There can be something new under the sun. A high level view and comparison of sales methodologies.

Let’s compare Five Opportunities to other sales methodologies and models, both past and present.  This research and comparisons are formed based on my own research and is not intended to include or exclude any one given product, solution or methodology.  The purpose of this report is to educate and inform on the Five Opportunities methodology and model.  It is a very high level overview and the use of a few pictures should provide a thousand words and are all property of Five Opportunities LLC.

Five Opportunities is all about the opportunities, identifying, generating and leveraging opportunities on a continual basis.  It addresses the process, the solution, the requirements, but most of all it is about the opportunities and continually sowing seeds.

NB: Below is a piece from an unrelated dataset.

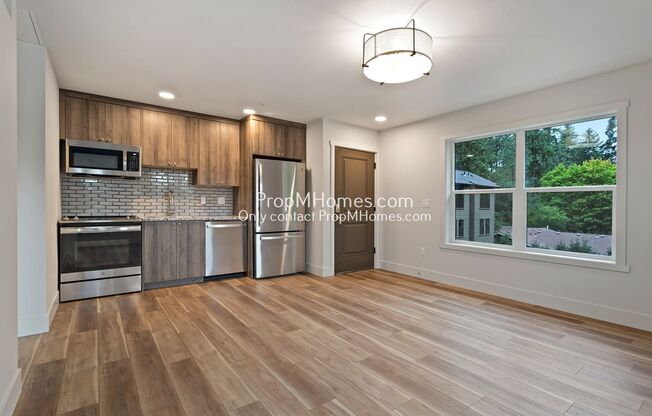 Luxury One Bedroom Unit in Lake Grove!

As with everything, and with Five Opportunities, there is a timeline.  And on every timeline there is a today point.  If it is not happening today, then it must have been in the past, or is going to be in the future.  All decisions regarding opportunities are based on these three simple known statements. 

On every timeline lie customer or prospect opportunities along with associated timing to close. They can be easily classified as Immediate Need (>30 days), Short Term (1-3 months), Long Term (Up to 1-year or greater), and The Magic Wand and Identified, where timing depends on individual selling skills.

Each opportunity has a position on the timeline as shown in the timeline below.
 
 

Next let’s compare the three most common high level sales methodologies to Five Opportunities leveraging the timeline.

The first is Product Selling, which has been around for generations and is primarily a transaction based approach and ideal for Immediate Need and Short Term Opportunities.

Secondly is Solution Selling, which corresponds to, and addresses, Immediate Needs, Short Term and Long Term Opportunities and is a true process driven methodology. The majority of the current selling styles and processes stem from some form of solution or strategic selling.

The latest of the sales methodologies is Insight Selling.  The Challenger Salesman places much focus on Long Term Goals, The Magic Wand and Identified Opportunities.  Insight selling is requirements focused and sales process driven.  There is a lot of information available on what you need to do to be a Challenger but not a proven model to emulate it, until now.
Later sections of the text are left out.